Instructions for the task:
Reproduce verbatim the lines of the material below, starting at the line with "এডিসি ভিলেজ নির্বাচনকে" and ending at the line with "Building Photo - 2730 SE 45th Ct", both inclusive; skip the rest.

+++

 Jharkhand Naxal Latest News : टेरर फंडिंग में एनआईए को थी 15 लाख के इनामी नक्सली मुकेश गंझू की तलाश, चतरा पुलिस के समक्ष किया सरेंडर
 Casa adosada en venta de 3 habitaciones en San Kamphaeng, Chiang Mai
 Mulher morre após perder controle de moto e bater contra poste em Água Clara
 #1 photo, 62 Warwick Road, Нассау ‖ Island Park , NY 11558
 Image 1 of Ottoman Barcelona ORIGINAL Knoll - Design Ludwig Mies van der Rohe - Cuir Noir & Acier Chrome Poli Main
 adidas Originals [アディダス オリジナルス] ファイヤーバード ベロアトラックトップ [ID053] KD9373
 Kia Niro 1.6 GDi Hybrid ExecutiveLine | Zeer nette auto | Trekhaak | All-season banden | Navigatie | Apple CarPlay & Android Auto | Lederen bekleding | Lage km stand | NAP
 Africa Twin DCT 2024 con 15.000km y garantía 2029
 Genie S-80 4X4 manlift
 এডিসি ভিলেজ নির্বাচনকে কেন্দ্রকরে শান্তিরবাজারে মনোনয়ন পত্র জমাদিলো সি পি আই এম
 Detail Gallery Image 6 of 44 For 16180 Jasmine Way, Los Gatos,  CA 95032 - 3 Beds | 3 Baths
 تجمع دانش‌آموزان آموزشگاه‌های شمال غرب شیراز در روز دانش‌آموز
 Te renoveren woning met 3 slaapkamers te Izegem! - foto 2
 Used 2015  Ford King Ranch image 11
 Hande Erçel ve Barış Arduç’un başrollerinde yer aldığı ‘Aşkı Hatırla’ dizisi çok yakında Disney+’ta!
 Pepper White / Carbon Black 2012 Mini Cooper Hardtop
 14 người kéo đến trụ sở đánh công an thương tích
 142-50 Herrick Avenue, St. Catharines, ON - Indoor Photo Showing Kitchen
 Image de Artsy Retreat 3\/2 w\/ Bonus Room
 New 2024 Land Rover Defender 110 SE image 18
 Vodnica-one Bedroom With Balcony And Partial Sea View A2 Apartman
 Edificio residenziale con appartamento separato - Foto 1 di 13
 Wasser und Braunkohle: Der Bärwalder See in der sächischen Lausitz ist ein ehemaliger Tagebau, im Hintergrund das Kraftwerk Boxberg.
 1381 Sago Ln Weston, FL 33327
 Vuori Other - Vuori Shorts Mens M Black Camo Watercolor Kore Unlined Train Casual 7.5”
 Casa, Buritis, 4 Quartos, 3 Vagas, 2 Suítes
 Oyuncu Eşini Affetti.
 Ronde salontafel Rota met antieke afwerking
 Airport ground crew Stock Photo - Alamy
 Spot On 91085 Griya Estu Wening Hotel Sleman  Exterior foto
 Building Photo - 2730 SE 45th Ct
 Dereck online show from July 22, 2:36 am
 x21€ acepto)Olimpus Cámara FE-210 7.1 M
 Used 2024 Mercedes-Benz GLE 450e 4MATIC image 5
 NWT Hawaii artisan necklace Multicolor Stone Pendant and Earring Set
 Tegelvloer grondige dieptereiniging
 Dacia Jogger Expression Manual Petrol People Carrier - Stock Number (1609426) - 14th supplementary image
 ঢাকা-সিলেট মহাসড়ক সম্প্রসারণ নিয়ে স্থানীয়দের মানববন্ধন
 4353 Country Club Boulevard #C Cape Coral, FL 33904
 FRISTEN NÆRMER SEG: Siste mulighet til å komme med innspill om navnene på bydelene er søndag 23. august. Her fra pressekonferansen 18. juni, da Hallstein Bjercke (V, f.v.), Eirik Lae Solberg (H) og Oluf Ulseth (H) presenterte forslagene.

+++

Task result:
 এডিসি ভিলেজ নির্বাচনকে কেন্দ্রকরে শান্তিরবাজারে মনোনয়ন পত্র জমাদিলো সি পি আই এম
 Detail Gallery Image 6 of 44 For 16180 Jasmine Way, Los Gatos,  CA 95032 - 3 Beds | 3 Baths
 تجمع دانش‌آموزان آموزشگاه‌های شمال غرب شیراز در روز دانش‌آموز
 Te renoveren woning met 3 slaapkamers te Izegem! - foto 2
 Used 2015  Ford King Ranch image 11
 Hande Erçel ve Barış Arduç’un başrollerinde yer aldığı ‘Aşkı Hatırla’ dizisi çok yakında Disney+’ta!
 Pepper White / Carbon Black 2012 Mini Cooper Hardtop
 14 người kéo đến trụ sở đánh công an thương tích
 142-50 Herrick Avenue, St. Catharines, ON - Indoor Photo Showing Kitchen
 Image de Artsy Retreat 3\/2 w\/ Bonus Room
 New 2024 Land Rover Defender 110 SE image 18
 Vodnica-one Bedroom With Balcony And Partial Sea View A2 Apartman
 Edificio residenziale con appartamento separato - Foto 1 di 13
 Wasser und Braunkohle: Der Bärwalder See in der sächischen Lausitz ist ein ehemaliger Tagebau, im Hintergrund das Kraftwerk Boxberg.
 1381 Sago Ln Weston, FL 33327
 Vuori Other - Vuori Shorts Mens M Black Camo Watercolor Kore Unlined Train Casual 7.5”
 Casa, Buritis, 4 Quartos, 3 Vagas, 2 Suítes
 Oyuncu Eşini Affetti.
 Ronde salontafel Rota met antieke afwerking
 Airport ground crew Stock Photo - Alamy
 Spot On 91085 Griya Estu Wening Hotel Sleman  Exterior foto
 Building Photo - 2730 SE 45th Ct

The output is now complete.